__Problem to work on__. What you return should match the material below line for line, except that no image appears in it.

__Data extracts__.
+===+

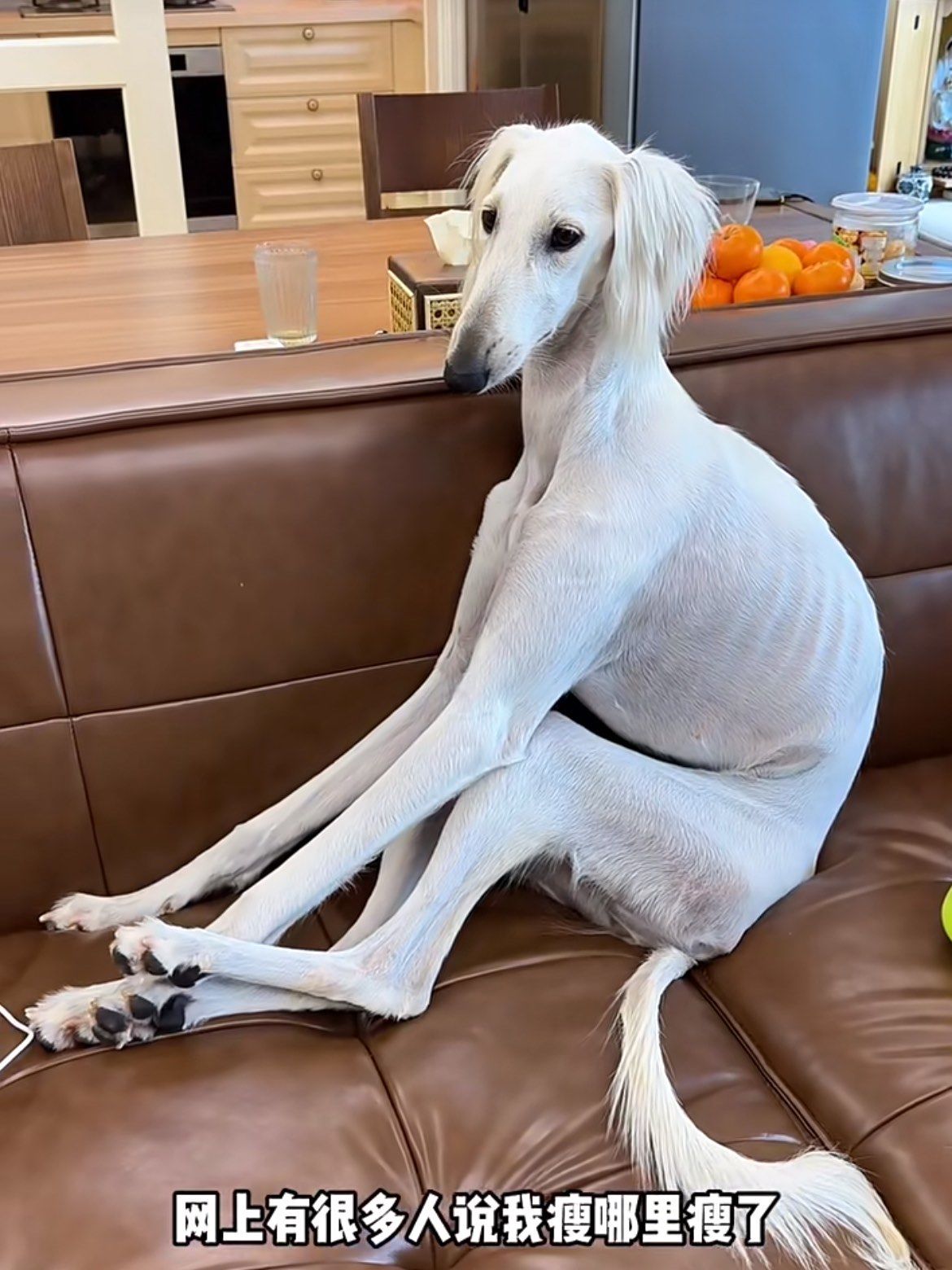 我们细狗吃胖很难的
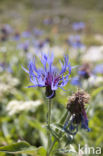Perennial Cornflower (Centaurea montana)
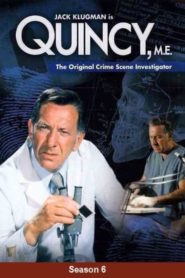 Quincy: Season 6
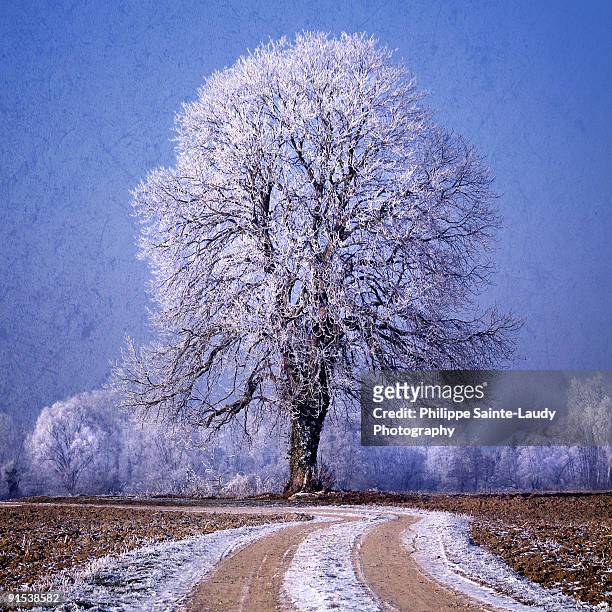 tree under the snow - sainte-laudy photos et images de collection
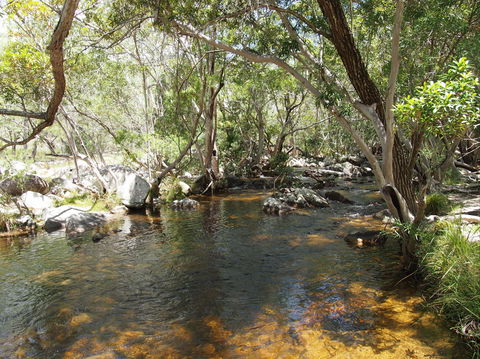 Emerald Creek, Dinden West Forest Reserve - Attractions 1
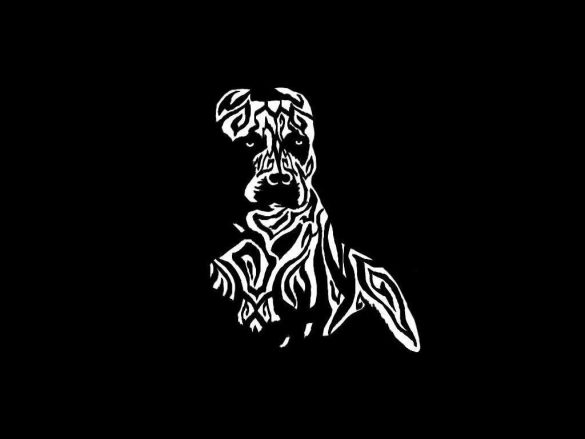 Pit Bull – tapety na pulpit (1)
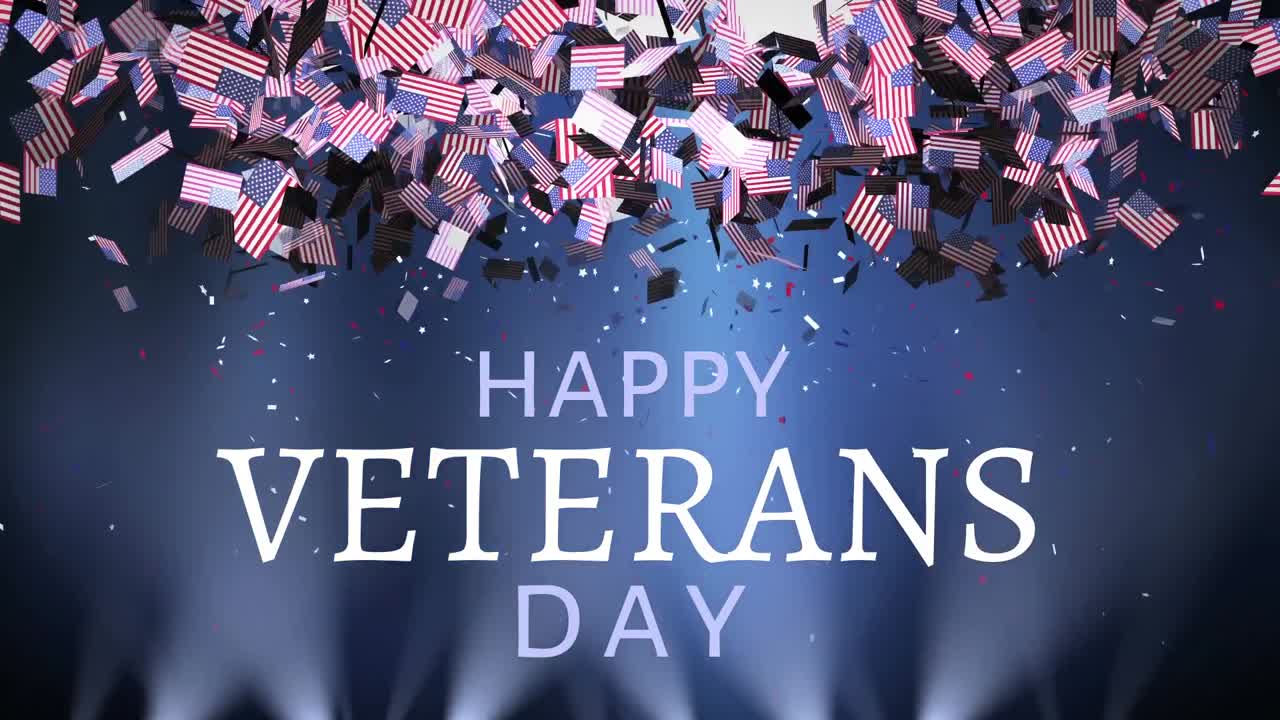 미국  ⁇ 발이 하늘에서 떨어지는 참전용사 날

+===+

__Expected output__.
 我们细狗吃胖很难的
Perennial Cornflower (Centaurea montana)
 Quincy: Season 6
 tree under the snow - sainte-laudy photos et images de collection
 Emerald Creek, Dinden West Forest Reserve - Attractions 1
 Pit Bull – tapety na pulpit (1)
 미국  ⁇ 발이 하늘에서 떨어지는 참전용사 날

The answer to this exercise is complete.